Thursday, May 08, 2014

Integrated heat spreader thermal contact failure

I recently upgraded an old PC to a Manchester socket 939 Athlon 4200+. After booting into Stresslinux, I ran mprime (the Linux version of Prime95) to check stability and temperatures. I didn't encounter any errors, but after a few minutes, core temperatures rose past 70, and approached 80. That's bad in general and especially bad for that CPU, so I had to cut power.

After removing the heat sink, the paste application seemed fine. I tried applying paste several times, and even got some new Zalman ZM-STG2 paste, but nothing helped. I couldn't even get anything as good as the first result.

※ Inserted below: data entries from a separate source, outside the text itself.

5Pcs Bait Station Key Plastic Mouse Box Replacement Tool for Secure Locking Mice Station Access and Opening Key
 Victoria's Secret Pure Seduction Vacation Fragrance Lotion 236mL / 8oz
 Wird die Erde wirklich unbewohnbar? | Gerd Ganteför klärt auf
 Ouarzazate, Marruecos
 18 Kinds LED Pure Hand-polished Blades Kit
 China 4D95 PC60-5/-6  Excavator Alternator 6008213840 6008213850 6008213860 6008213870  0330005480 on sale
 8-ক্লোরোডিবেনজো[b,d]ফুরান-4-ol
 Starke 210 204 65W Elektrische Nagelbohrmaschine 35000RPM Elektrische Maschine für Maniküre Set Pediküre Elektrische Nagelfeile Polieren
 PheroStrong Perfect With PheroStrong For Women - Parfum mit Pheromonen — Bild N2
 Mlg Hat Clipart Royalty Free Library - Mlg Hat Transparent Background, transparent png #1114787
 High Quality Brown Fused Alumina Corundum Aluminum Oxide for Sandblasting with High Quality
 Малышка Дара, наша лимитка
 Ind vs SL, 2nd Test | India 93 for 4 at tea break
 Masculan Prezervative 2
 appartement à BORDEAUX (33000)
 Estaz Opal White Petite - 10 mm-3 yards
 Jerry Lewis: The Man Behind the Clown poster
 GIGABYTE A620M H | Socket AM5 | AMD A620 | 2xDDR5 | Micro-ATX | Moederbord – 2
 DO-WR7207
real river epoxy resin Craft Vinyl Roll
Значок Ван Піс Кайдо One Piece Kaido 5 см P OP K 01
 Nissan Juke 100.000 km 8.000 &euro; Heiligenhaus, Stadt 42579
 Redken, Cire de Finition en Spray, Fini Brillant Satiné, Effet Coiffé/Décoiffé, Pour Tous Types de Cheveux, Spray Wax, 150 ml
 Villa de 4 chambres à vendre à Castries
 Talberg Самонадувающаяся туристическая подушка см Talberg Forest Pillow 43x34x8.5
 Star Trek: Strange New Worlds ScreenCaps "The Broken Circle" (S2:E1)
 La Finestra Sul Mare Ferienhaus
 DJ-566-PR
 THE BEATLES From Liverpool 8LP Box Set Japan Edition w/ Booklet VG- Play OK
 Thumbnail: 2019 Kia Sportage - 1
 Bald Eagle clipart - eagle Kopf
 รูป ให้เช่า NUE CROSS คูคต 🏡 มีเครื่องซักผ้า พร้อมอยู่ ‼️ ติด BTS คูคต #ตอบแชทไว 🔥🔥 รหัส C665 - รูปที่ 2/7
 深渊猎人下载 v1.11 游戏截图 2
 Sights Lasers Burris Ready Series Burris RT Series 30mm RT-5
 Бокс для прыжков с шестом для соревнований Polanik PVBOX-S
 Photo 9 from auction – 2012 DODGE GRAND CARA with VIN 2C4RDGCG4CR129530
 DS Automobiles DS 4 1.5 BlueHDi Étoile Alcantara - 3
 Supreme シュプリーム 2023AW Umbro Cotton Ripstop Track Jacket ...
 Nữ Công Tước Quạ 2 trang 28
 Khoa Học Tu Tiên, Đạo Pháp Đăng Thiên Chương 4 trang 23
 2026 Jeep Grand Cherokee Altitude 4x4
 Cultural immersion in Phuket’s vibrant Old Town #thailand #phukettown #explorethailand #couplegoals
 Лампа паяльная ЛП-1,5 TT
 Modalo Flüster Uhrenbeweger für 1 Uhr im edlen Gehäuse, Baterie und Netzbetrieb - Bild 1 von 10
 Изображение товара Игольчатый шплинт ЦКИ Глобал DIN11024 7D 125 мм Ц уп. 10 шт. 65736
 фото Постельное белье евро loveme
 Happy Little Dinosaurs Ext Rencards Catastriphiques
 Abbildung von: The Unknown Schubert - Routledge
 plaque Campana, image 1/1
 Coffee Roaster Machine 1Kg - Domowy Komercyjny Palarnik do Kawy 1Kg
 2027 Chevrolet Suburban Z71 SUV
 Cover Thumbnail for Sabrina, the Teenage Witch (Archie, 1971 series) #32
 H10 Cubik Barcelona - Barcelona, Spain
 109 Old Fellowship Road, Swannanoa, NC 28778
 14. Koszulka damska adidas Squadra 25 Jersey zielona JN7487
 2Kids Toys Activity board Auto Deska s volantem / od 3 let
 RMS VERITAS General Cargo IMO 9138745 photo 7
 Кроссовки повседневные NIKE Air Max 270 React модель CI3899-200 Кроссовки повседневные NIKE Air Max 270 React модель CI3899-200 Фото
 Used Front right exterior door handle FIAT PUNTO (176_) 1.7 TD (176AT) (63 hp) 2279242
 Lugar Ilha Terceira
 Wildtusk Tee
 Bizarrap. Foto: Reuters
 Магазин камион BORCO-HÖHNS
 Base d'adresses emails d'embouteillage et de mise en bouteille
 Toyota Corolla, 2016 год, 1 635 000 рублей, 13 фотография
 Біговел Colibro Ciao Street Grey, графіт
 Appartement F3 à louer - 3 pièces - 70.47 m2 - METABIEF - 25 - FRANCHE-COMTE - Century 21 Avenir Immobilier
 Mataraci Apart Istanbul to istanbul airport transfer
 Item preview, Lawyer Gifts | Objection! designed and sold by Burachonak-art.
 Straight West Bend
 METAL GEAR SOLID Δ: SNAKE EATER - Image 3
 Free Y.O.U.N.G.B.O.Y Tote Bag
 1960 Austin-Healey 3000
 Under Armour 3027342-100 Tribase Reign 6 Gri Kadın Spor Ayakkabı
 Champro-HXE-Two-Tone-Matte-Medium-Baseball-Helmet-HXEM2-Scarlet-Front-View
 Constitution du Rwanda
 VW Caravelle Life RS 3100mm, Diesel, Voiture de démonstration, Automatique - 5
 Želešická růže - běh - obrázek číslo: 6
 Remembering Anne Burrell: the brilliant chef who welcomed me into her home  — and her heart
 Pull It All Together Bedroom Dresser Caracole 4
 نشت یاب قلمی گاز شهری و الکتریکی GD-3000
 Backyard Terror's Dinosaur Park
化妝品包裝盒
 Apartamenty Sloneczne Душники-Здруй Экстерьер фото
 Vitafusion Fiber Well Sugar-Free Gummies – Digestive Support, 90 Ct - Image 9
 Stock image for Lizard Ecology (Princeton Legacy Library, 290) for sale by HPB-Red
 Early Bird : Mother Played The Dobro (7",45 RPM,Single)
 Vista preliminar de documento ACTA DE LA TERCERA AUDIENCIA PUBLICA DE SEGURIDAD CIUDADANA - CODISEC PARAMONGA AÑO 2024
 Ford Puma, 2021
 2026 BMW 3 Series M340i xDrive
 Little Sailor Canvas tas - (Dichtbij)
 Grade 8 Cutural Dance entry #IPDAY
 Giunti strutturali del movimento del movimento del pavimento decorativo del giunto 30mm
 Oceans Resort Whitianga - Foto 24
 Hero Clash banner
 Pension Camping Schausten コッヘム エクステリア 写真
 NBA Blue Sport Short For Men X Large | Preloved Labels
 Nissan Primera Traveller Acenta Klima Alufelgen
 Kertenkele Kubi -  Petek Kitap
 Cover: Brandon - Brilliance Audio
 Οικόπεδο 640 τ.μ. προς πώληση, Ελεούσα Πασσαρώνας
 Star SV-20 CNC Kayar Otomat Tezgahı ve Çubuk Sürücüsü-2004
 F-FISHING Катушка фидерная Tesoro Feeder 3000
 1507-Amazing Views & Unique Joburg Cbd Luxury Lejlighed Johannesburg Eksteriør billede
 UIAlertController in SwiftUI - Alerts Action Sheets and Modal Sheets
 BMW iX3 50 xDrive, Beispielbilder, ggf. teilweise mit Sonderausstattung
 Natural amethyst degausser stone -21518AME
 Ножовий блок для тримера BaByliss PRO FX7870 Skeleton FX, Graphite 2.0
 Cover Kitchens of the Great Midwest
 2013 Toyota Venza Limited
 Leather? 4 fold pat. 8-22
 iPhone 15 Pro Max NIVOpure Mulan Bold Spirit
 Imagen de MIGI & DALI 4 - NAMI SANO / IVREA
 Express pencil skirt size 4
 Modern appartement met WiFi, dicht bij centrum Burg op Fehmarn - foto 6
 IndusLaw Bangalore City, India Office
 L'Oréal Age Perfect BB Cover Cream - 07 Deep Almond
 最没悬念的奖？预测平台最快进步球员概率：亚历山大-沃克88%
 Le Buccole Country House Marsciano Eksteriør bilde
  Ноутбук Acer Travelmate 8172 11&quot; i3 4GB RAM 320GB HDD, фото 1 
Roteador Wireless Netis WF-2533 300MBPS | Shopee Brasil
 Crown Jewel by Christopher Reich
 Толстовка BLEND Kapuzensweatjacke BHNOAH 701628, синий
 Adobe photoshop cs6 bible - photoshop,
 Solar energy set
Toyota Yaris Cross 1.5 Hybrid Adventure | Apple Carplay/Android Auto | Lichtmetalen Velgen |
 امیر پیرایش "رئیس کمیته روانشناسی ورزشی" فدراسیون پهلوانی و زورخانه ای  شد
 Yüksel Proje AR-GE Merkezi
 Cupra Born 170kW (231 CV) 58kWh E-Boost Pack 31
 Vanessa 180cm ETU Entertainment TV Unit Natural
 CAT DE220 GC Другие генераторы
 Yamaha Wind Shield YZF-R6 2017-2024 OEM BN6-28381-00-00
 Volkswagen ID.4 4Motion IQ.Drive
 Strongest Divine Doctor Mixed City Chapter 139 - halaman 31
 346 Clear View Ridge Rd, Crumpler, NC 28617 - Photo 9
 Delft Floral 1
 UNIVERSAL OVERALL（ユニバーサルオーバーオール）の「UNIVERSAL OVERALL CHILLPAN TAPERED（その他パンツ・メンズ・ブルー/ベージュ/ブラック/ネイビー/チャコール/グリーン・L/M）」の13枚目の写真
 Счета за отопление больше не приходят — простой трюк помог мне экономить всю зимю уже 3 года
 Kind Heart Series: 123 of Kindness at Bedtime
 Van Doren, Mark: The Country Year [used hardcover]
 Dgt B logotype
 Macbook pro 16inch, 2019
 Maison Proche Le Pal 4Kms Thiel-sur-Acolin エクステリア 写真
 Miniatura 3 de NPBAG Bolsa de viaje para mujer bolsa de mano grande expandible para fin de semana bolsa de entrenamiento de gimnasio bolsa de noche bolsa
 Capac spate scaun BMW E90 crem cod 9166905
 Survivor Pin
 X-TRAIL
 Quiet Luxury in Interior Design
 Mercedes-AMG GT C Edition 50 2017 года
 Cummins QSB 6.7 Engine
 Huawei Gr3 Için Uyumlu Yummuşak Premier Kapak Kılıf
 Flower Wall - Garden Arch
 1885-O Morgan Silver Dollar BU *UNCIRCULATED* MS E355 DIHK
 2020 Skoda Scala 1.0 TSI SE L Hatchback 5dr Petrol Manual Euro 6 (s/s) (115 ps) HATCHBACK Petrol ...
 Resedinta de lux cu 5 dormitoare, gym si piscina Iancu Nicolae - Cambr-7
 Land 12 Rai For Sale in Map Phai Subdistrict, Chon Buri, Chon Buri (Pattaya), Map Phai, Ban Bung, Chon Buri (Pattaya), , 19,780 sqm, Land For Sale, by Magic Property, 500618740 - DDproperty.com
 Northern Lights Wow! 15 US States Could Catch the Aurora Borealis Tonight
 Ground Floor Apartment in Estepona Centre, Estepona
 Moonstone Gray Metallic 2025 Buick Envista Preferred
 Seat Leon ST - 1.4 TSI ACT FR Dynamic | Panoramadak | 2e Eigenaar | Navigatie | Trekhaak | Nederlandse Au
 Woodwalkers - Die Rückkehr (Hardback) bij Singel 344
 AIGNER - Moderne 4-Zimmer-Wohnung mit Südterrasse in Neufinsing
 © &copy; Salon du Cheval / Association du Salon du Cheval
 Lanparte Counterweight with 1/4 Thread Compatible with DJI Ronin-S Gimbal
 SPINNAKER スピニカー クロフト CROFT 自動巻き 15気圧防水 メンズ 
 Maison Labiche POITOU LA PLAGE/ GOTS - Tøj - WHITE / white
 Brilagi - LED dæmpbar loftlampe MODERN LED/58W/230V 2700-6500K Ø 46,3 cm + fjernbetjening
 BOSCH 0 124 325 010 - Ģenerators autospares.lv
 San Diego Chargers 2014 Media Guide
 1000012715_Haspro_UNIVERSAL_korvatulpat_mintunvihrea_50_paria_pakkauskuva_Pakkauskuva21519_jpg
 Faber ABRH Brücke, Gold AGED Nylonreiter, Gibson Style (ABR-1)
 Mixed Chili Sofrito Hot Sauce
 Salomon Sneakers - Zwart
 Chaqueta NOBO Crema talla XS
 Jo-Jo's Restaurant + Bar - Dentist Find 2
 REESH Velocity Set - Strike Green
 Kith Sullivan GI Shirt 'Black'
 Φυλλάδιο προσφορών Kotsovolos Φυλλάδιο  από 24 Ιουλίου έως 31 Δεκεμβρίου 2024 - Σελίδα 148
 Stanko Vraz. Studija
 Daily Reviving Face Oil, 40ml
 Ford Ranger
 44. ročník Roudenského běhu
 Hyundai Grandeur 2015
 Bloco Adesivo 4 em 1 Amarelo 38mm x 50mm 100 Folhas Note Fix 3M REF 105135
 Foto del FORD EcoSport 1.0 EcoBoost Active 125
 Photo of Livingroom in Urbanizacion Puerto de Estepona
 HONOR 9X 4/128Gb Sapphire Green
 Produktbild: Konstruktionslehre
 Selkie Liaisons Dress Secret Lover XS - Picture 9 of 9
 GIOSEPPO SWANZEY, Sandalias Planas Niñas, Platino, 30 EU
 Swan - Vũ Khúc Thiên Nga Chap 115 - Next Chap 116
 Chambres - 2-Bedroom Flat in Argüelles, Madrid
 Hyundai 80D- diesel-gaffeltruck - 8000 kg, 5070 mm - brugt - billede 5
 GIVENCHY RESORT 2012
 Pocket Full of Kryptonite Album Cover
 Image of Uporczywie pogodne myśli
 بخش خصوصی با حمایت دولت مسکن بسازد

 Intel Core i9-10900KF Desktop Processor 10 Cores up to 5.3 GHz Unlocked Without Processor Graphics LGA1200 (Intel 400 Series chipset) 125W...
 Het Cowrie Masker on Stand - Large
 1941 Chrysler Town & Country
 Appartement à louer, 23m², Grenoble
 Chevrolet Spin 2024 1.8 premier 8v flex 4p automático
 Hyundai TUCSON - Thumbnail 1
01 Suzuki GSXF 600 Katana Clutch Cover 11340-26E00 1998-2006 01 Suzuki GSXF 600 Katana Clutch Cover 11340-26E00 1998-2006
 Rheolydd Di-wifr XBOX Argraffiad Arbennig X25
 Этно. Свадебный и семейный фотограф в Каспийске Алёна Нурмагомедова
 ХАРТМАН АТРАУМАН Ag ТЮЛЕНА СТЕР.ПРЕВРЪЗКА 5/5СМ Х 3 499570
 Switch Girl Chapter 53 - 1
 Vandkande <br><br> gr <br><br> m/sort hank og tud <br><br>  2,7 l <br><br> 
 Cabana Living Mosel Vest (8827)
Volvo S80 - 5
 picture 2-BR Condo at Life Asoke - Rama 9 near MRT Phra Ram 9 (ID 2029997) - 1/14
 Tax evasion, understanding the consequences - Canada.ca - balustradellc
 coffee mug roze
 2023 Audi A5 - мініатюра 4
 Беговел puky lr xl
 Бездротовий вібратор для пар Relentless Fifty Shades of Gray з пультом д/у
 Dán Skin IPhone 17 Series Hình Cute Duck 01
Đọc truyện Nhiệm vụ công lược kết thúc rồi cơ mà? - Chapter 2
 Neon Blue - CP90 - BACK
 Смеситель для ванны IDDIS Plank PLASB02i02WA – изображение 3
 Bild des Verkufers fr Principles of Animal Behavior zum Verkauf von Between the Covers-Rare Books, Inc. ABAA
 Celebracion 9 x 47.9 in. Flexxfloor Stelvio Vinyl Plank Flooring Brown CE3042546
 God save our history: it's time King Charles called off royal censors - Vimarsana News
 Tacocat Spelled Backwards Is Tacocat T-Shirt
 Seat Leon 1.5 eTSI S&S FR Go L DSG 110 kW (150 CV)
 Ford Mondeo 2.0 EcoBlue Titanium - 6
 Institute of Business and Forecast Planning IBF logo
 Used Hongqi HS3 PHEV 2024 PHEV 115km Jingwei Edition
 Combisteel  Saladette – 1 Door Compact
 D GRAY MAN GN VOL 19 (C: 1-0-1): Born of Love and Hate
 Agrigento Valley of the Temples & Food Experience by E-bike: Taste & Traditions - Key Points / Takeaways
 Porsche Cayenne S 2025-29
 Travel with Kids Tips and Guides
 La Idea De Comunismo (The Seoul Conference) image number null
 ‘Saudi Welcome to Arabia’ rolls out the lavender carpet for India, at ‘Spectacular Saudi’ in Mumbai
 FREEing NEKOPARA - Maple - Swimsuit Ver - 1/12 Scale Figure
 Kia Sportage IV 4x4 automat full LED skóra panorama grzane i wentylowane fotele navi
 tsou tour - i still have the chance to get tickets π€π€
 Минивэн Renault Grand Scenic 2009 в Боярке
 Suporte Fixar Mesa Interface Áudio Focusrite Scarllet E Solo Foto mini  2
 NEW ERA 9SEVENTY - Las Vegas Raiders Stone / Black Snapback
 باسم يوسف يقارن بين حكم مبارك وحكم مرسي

Eventually I found some message board posts about decapping, the thermal paste below the CPU integrated heat spreader (lid), and how that paste can fail. The fact that the heat sink wasn't even warm when the CPU cores approached 80, and the paste between the heat spreader and CPU seemed fine afterwards made this seem like a probable explanation.

I first attempted to cut off the integrated heat spreader (IHS) with a utility knife. This didn't work because the blade was too thick and it couldn't fit into the narrow gap between the CPU circuit board and IHS. Then I pried apart a disposable razor and got one of the blades out. It's very thin and sharp, and it fit into the gap and cut nicely. The only difficulty was that it's also highly flexible, so it can cut the circuit board. Here are pictures of the decapped CPU:

The black material that was holding the IHS is like rubber. Note that it wasn't providing a hermetic seal; there is a gap on the left of the CPU. The brown material is remnants of brasso which I used to try to lap the IHS before. The IHS was definitely slightly concave, but that wasn't the problem. The grey thermal paste was entirely dry and kind of like silicone rubber, but much easier to remove. My theory is that it works fine even when dry, and that problems happen due to the force used to separate the heat sink from the IHS. The black rubber holding the IHS allows some movement. If the dry thermal paste inside breaks apart due to that, it can't re-establish good contact.

I didn't want to run the CPU decapped because that would require modifying the motherboard, and maybe the heat sink retention. The plastic frame surrounding the socket prevents the heat sink from getting low enough to make good contact with the chip, and even if that was cut away, I'm not sure if the heat sink retention would provide enough force when the heat sink sits lower. Also, the IHS seems to be plated copper, and it might actually help with heat transfer to the stock aluminum heat sink. I just shaved down the black rubber a bit, cleaned off old paste, added new paste, and reassembled without attaching the IHS to the CPU.

After all this, running mprime on both cores resulted in temperatures of 45°C and below. This was with the stock cooler for an Athlon 64+ 3500 Newcastle (also 89W TDP) and Zalman ZM-STG2 paste.